Bientôt, ce sont tous les déserts du monde qui sont visités, dépeints, racontés – et souvent colonisés. D’un bout de l’Europe à l’autre, c’est à travers des contacts multiples, et pas seulement dans le cadre du voyage en Orient que s’invente notre image moderne du désert, c’est-à-dire l’esthétisation des vastes pays arides, hier encore jugés affreux.

Avec l’Expédition de Bonaparte en Égypte, puis la conquête et la domination sanglante de l’Algérie qui fait du Sahara la frontière de la France, sur le littoral de l’océan des sables, on découvre que la terra nullius du désert n’est pas vide, mais riche de populations, de cultures, de paysages, de parcours et de cités. Découverte qui s’incarne dans une guerre sans fin (la « pacification » du désert), la construction de savoirs multiples, et la production intensive d’images de toutes sortes ; autant de faits participant de ces métamorphoses du vide qui travaillent aujourd’hui le regard européen.

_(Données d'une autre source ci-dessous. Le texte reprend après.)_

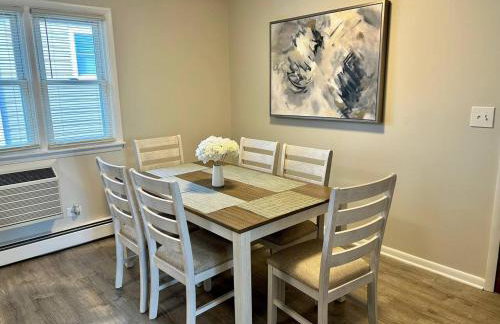 New updated Apt Half A Mile to Downtown Libertyville - Foto 5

De l’empire du vide fantasmé par une ignorance millénaire, ces nouvelles images font alors un espace cinétique, agonistique ; un territoire polymorphe, redoutablement habité ; une terre vaste – dévastée, entre résistances et déréliction. Bientôt, sur ses rives sahariennes, la domination coloniale offre à la Métropole un désert de proximité où jouir du soleil et des dunes, rêver du Sud, d’altérité, et d’un Désert inspiré. Nombre de stéréotypes naissent alors dans les déserts d’Afrique : ils n’ont pas fini aujourd’hui de nous émouvoir.